Many general interaction networks have “small world” topologies. In a small world network, nodes (populations) are more closely connected to other nodes than expected at random, and nodes tend to interact primarily with a small cluster of nodes. In a small world topology, interactions tend to be clustered or compartmentalized, but there are enough connections among clusters that it takes only a few connections for clusters to influence each other. For example, Milgram (1967) suggested that every person in the world is only “six degrees of separation” from every other human, which means, for example, a disease can transmit throughout the world via transmission to only six people. Watts and Strogatz (1998) formalized tests to determine if a network exhibits “small world” topologies. The first is evaluated by the characteristic path length (e.g., six people), which in a food web is the average of the smallest number of linkages connecting a prey to a predator (SI Glossary). The second is evaluated by the clustering coefficient (SI Glossary), which in a sink food web is the fraction of intraguild predation linkages among the potential intraguild linkages for the predators feeding on the same prey. A short characteristic path length may result in a rapid spread of a perturbation (e.g., species invasion or extirpation) through the food web (Watts and Strogatz 1998; Williams et al. 2002) but a high clustering coefficient (e.g., close to 1) may be associated with high connectance (SI Glossary) and greater resilience within clusters to perturbation (Dunne et al. 2002). Molecular sink food webs have short critical path lengths but do not exhibit high clustering (Paula et al., unpublished), although few have been examined to know if these results are general.
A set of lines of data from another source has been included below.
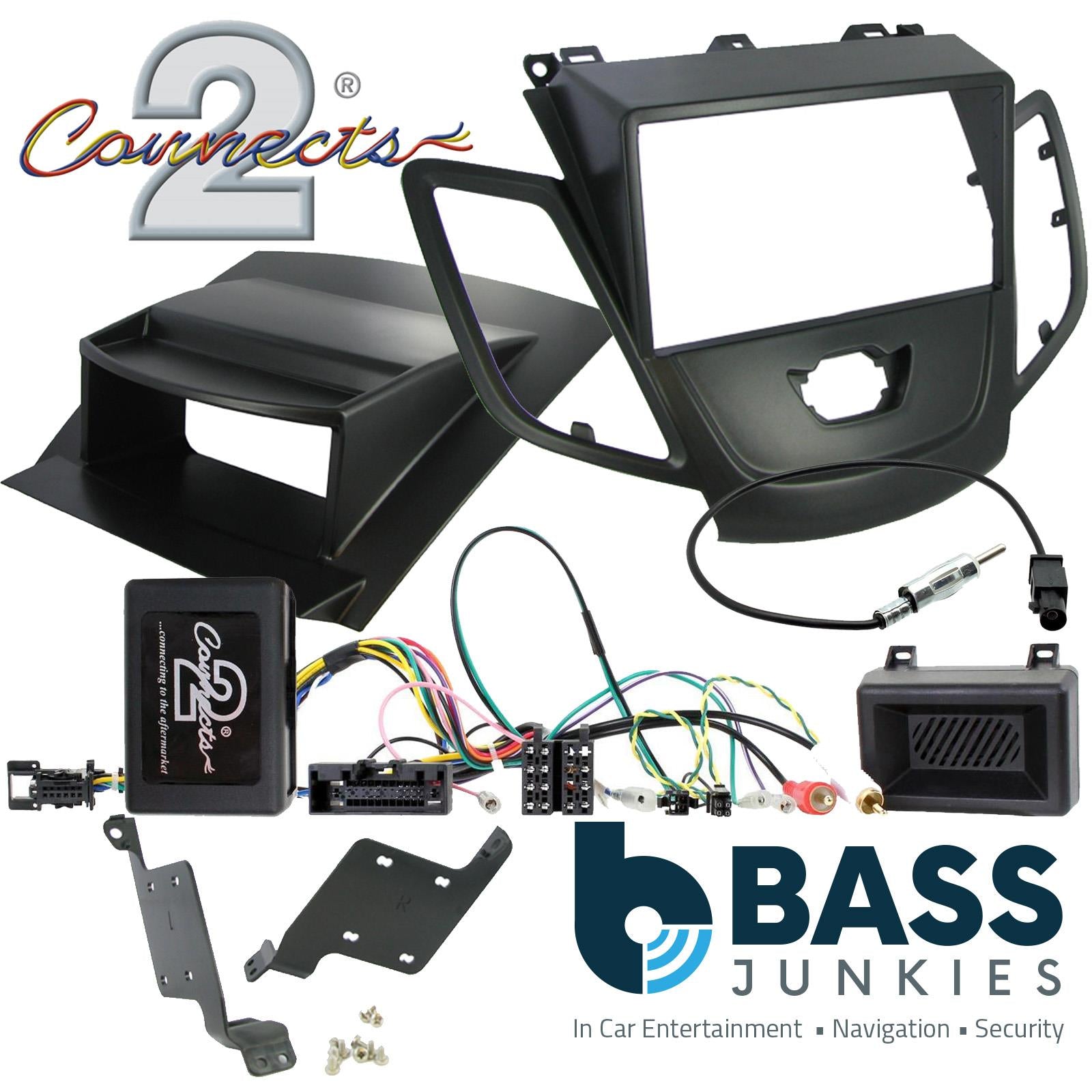 Ford Fiesta MK7 2010-17 Black Double Din Car Stereo Fascia & Steering Wheel Kit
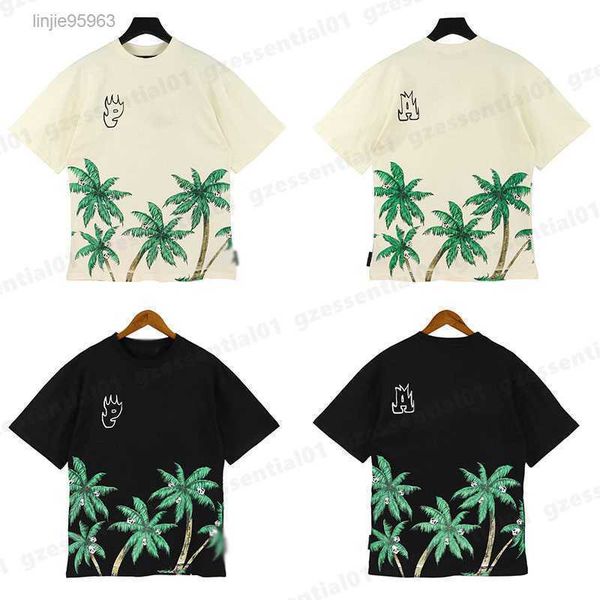 

palms print t shirt fashion letter short-sleeved crew neck tshirt word angels mens summer street hip hop designer casual tshirtsdk90, White;black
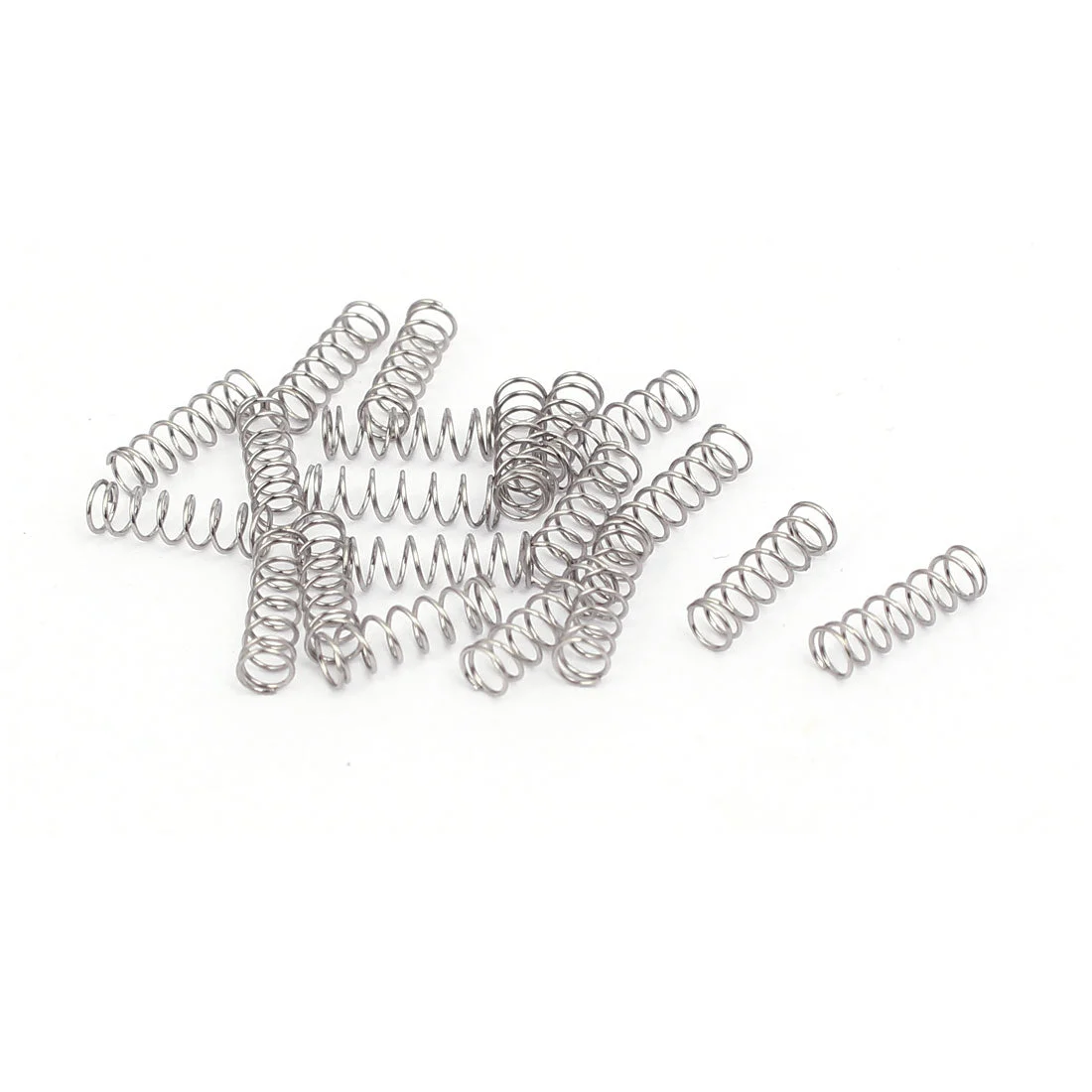 0.3mmx3mmx10mm 304 Stainless Steel Compression Springs Silver Tone 20pcs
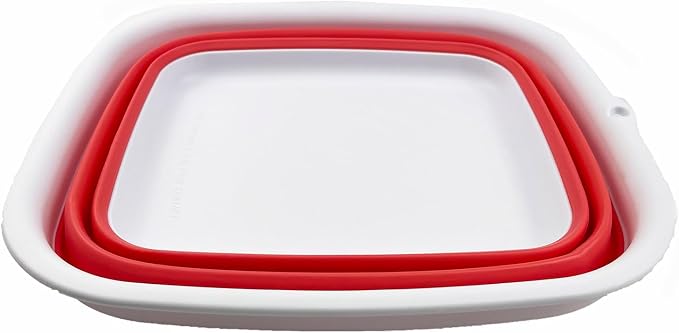 SAMMART 7.7L (2 Gallon) Collapsible Tub - Foldable Dish Tub - Portable Washing Basin - Space Saving Plastic Washtub (White/Coral Pink, S) - Image 3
A recently identified network property is a network motif (SI Glossary). A network motif is a substructure of the network and is a recurring pattern of interconnections among a small number of nodes that occurs more commonly than random (Fig. 4, Milo et al. 2002). There are several possible motifs in food webs involving three populations. The tri-trophic interaction was more common than random in nearly all empirical food webs, which corresponds to the naive view that communities are organized into food chains (Stouffer et al. 2007). Food webs divided into two motif types. The larger group of food webs, which includes most of the terrestrial food webs, had an overrepresentation of omnivory/intraguild predation and an underrepresentation of shared predation and apparent competition (Fig. 4). The smaller group of food webs had low omnivory/intraguild predation and high shared predation and apparent competition. The reason for the difference in these two groups of food webs is not known. As intraguild predation has been commonly found in molecular sink food webs (Paula et al. 2016; Andow and Paula, unpublished), elaboration of molecular sink webs will probably increase the number of the first group of food webs.

Fig. 4
figure 4

Common three-species motifs in empirical food webs, showing the motif in black and white and all examples of the motif embedded in a food web with red linkages. A motif must contain all indicated linkages and only those indicated linkages. a Tri-trophic interaction; b omnivory/intraguild predation; c shared predation; d apparent competition

Future Avenues

Biological control research can benefit tremendously of the advances in DNA-based methods, such as HTS, not only for detection of species and their interactions, but also to assess the strength of such interactions. The capacity of detecting multiple and previously unknown interactions provided by metabarcoding and Lazaro, is enabling an unpreceded ability to construct complex multitrophic food webs at various spatial and temporal resolutions, which otherwise would be impractical to obtain from natural systems. These have direct implications for the understanding of community dynamics and improvement of predictions of the biological control potential to regulate pests and not have adverse impacts on non-targets. However, there remains considerable room for fundamental research to control for false-positive and -negative identifications and to produce relative read abundances that provide accurate quantitative estimates of predation rates.